After having encountered two other bands with the same name, he decided it was in his best legal interest to register the band name as a trademark, to establish The Slants as a brand, and give it legal protection against other groups using the name. He thought that with a trademark, his group would have a higher chance of getting a record label deal and it would open up merchandising opportunities.
On November 14, 2011, Tam filed a Trademark Application seeking to register the mark THE SLANTS for “Entertainment in the nature of live performances by a musical band,” based on his use of the mark since 2006.
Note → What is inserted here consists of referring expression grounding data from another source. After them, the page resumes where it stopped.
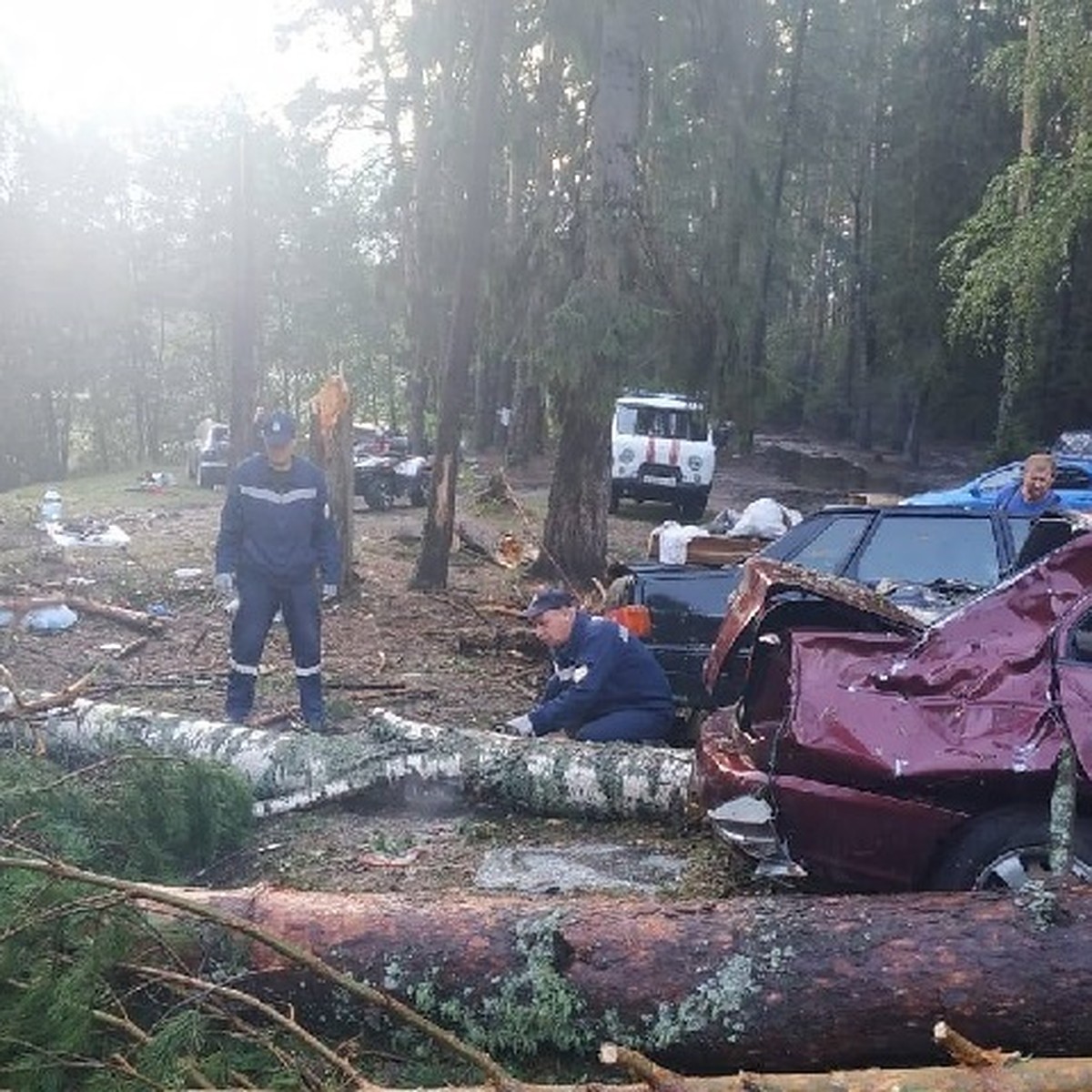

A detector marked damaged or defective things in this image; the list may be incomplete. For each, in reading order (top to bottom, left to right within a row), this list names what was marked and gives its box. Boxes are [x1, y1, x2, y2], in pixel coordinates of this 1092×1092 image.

crushed red car [690, 515, 1092, 891]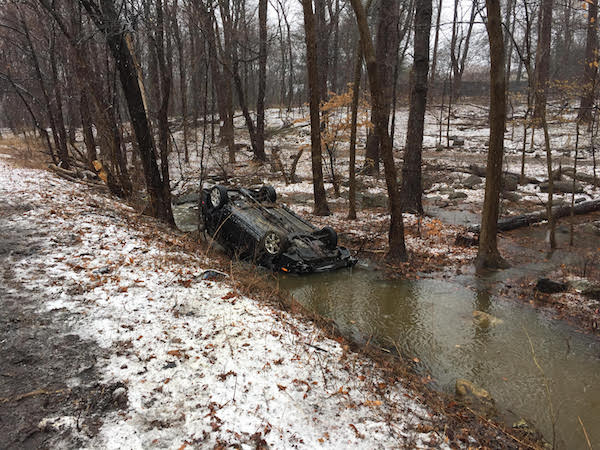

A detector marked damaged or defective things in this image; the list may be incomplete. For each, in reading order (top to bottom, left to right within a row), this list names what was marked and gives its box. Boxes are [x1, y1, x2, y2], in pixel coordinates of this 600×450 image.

overturned black car [202, 184, 356, 274]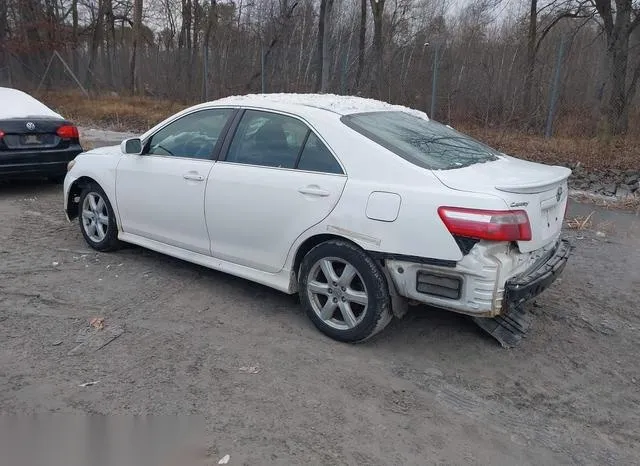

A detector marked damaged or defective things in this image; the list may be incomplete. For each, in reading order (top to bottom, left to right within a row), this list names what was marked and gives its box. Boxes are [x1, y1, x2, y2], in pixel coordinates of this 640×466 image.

detached bumper [502, 237, 572, 310]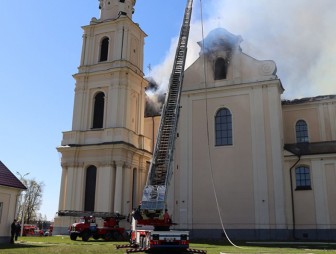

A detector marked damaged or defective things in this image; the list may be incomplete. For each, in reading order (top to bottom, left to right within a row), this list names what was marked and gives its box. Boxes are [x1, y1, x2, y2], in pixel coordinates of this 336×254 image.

damaged roof [284, 141, 336, 157]
damaged roof [0, 162, 26, 190]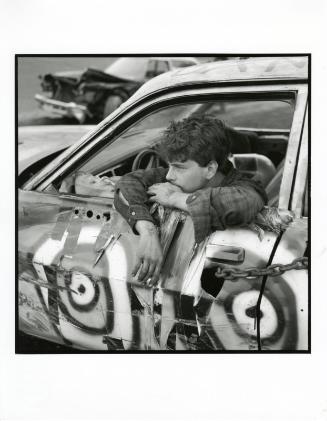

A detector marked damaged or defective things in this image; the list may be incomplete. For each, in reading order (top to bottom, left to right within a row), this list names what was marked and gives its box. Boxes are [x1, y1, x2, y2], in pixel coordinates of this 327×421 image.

another wrecked car [35, 57, 200, 123]
another wrecked car [18, 56, 310, 352]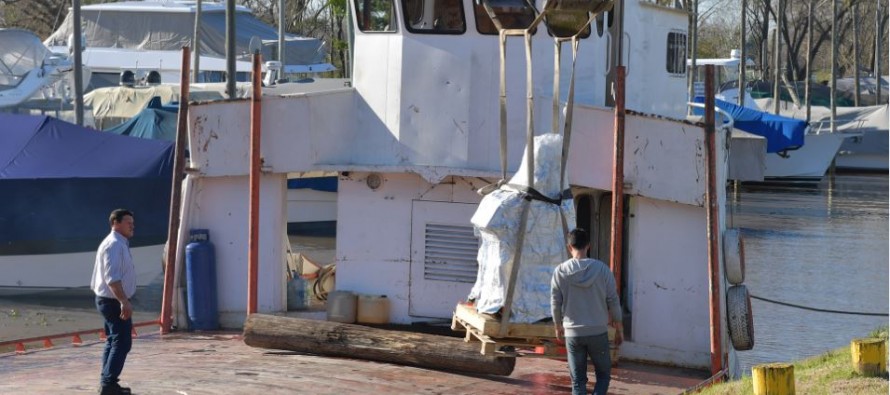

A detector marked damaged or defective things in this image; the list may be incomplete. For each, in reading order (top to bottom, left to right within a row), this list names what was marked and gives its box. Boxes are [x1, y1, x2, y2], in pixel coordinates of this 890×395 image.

rusty metal post [161, 48, 193, 336]
rusty metal post [700, 63, 720, 376]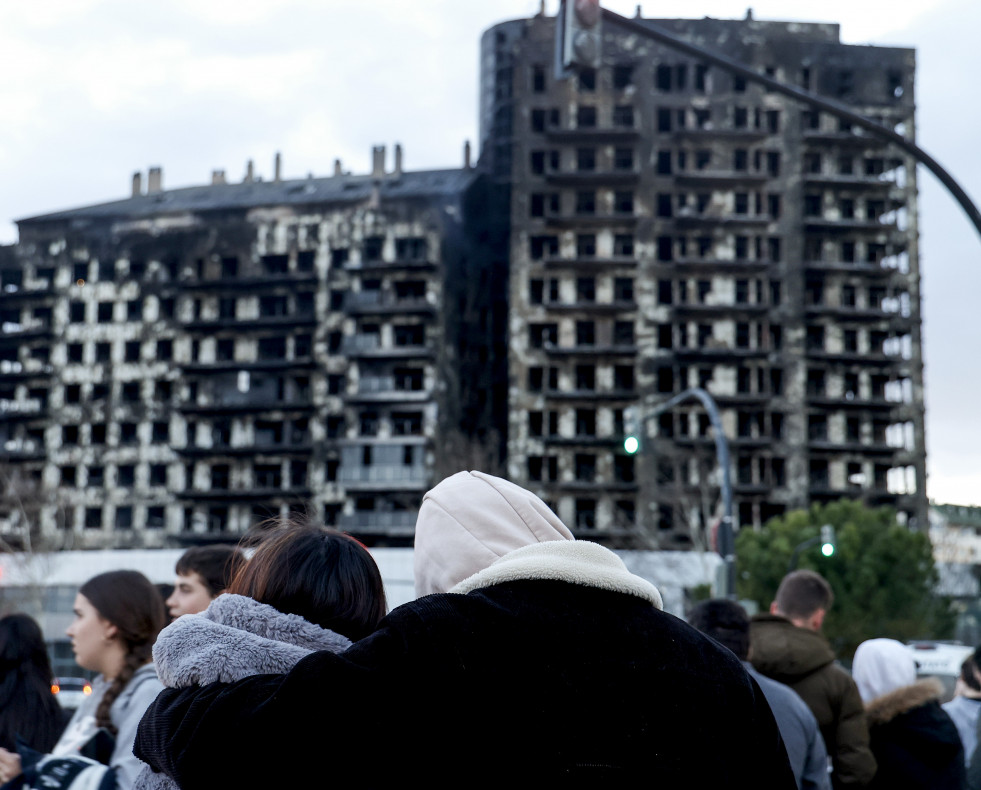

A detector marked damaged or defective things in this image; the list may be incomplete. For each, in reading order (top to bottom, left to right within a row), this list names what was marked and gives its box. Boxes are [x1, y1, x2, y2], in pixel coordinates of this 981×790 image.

burned building [0, 148, 506, 548]
burned building [0, 7, 928, 552]
burned building [484, 10, 928, 544]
However, the examiner of the Patent and Trademark Office (PTO) refused to register THE SLANTS as a mark on the ground that it is disparaging to ‘persons of Asian descent’ under Section 2(a) of the Lanham Act. The mark referred to people of Asian descent in a disparaging way, explaining that the term slants has a “long history of being used to deride and mock a physical feature” of people of Asian descent. Despite the intention of the band to ‘reappropriate the disparaging term’, the examiner found that substantial number of people of Asian descent would find the term offensive. The examining attorney relied in part on the fact that numerous dictionaries define ‘slants’ or ‘slant-eyes’ as a derogatory or offensive term.
Section 2(a) of the Lanham Act, bars the Patent and Trademark Office (PTO) from registering scandalous, immoral, or disparaging marks which may disparage persons, living or dead, institutions, beliefs, or national symbols, or bring them into contempt or disrepute. This provision is known as the Disparagement Provision. There have been a few marks rejected under the disparagement provision, namely: REDSKINS, The Christian Prostitute, Mormon Whiskey, KHORAN (for wine), and Marriage is for Fags.
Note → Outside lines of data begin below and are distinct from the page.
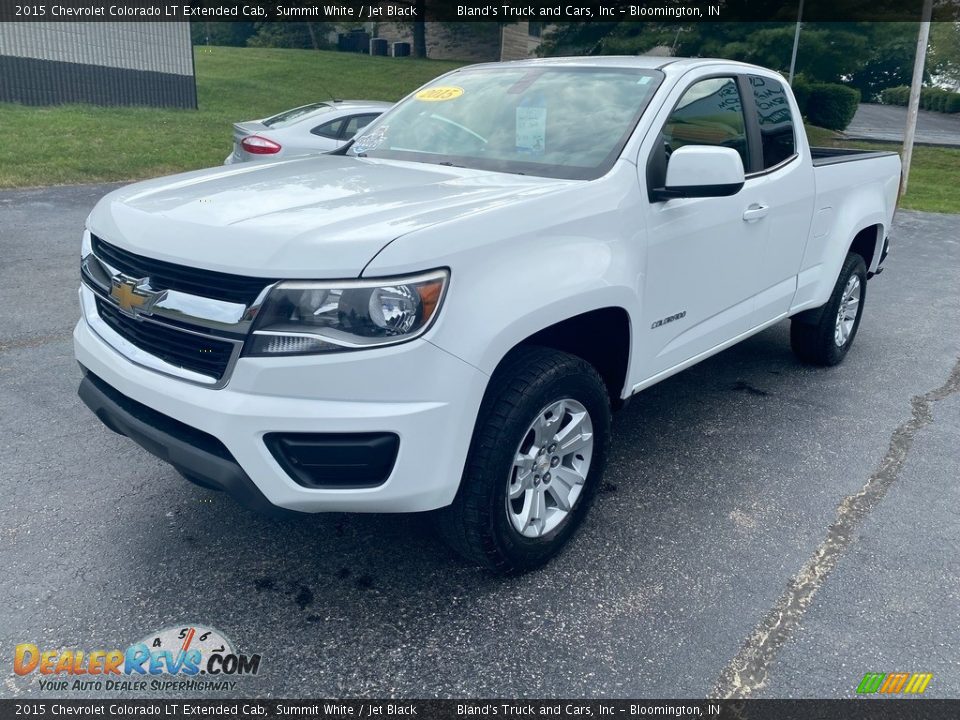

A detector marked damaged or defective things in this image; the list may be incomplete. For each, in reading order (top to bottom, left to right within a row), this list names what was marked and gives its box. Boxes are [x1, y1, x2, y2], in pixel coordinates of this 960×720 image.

pavement crack [708, 358, 960, 700]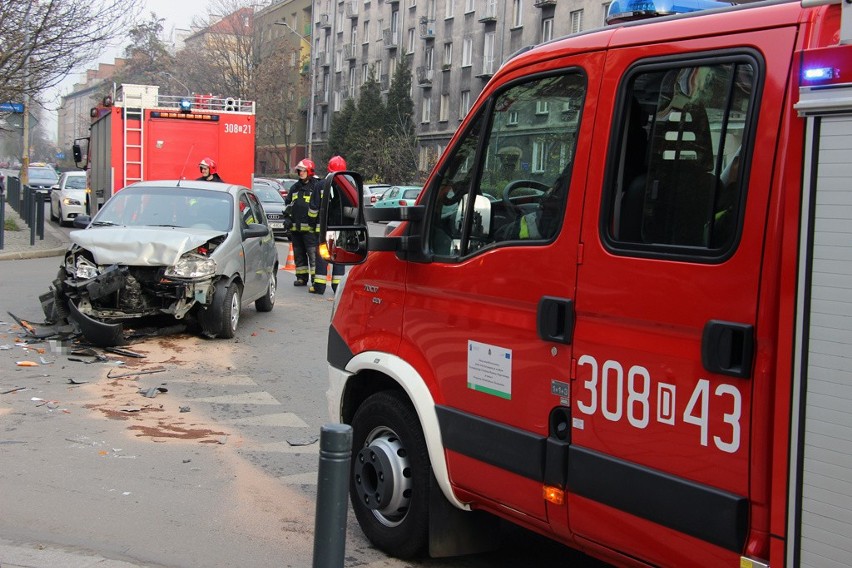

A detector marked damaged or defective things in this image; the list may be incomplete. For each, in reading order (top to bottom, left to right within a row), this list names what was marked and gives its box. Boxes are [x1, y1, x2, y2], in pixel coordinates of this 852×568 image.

crumpled car hood [70, 226, 225, 266]
damaged gray car [42, 181, 280, 346]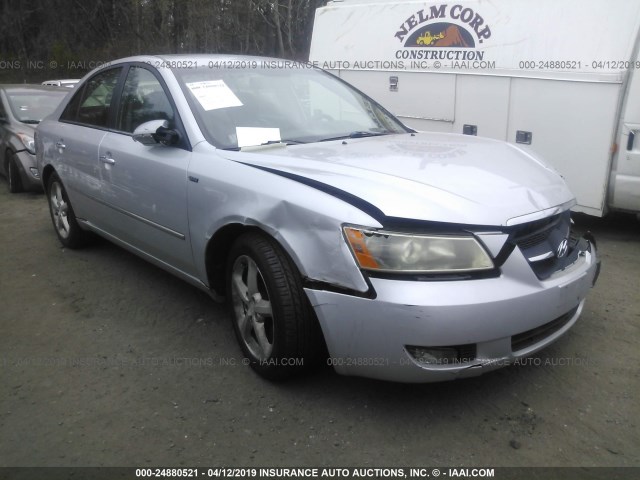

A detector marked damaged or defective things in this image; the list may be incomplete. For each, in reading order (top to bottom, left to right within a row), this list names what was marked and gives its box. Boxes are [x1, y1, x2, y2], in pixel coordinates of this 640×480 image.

damaged front bumper [304, 232, 600, 382]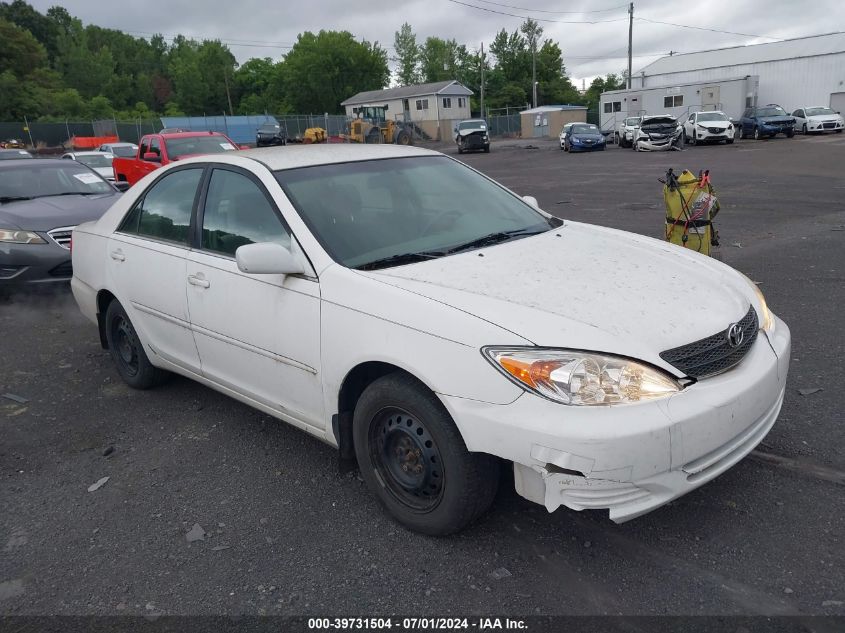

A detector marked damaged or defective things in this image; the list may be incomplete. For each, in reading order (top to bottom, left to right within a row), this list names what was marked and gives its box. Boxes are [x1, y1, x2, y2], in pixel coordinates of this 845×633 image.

damaged vehicle [454, 121, 488, 156]
damaged vehicle [636, 115, 684, 151]
cracked asphalt [0, 132, 840, 616]
damaged vehicle [72, 147, 792, 532]
damaged front bumper [438, 314, 788, 520]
Disparaging marks are marks which “dishonor by comparison with what is inferior, slights, deprecates, degrades, or affects or injures by unjust comparison.” To determine if a mark is disparaging, a trademark examiner applies a ‘two-part test’ and considers:
(1) what is the likely meaning of the matter, taking into account not only dictionary definitions, but also the relationship of the matter to the other elements in the mark, nature of the goods or services, and the manner in which the mark is used in the marketplace in connection with the goods or services; and
(2) if that meaning is found to refer to identifiable persons, institutions, beliefs or national symbols, whether that meaning may be disparaging to a substantial composite of the referenced group
Should the examiner determine that a substantial composite, not necessarily a majority of the referenced group, find the proposed mark to be disparaging in the context of contemporary attitudes, a prima facie case of disparagement is made out and the burden shifts to the applicant to prove that the trademark is not disparaging. And the fact that the applicant may be a member of that group, or has good intentions underlying its use of a term does not obviate the fact that a substantial composite of the referenced group would find the term objectionable.
Tam contested the denial of the registration before the PTO’s Trademark Trial and Appeal Board, but the Board affirmed the examiner’s refusal to register the mark.
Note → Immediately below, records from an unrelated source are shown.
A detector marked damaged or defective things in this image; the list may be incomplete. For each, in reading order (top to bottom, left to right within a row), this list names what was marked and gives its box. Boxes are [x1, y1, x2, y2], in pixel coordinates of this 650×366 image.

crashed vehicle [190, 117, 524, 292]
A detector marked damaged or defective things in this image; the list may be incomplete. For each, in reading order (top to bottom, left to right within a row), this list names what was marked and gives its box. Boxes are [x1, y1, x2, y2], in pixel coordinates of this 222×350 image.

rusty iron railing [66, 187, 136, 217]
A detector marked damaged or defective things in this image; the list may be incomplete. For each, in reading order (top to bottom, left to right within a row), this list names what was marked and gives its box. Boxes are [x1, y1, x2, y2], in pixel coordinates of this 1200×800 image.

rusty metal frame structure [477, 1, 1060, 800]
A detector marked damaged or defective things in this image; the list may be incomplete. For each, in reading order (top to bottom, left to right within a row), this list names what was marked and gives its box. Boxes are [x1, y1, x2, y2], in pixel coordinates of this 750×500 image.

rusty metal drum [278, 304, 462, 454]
Believing that reclaiming slurs could be a powerful act for people who face discrimination and harassment, Tam appealed to the Court of Appeals on the ground that the Board of the PTO erred in finding the mark disparaging and that Section 2(a) is unconstitutional. The Court ruled in favor of the PTO holding that there is substantial evidence to support the finding that the mark THE SLANTS likely refers to people of Asian descent; including an article written by Mr. Tam describing the ‘story behind the band’s name’ explaining:
"I was trying to think of things that people associate with Asians. Obviously, one of the first things people say is that we have slanted eyes. . . ."
"We want to take on these stereotypes that people have about us, like the slanted eyes, and own them. We're very proud of being Asian--we're not going to hide that fact. The reaction from the Asian community has been positive."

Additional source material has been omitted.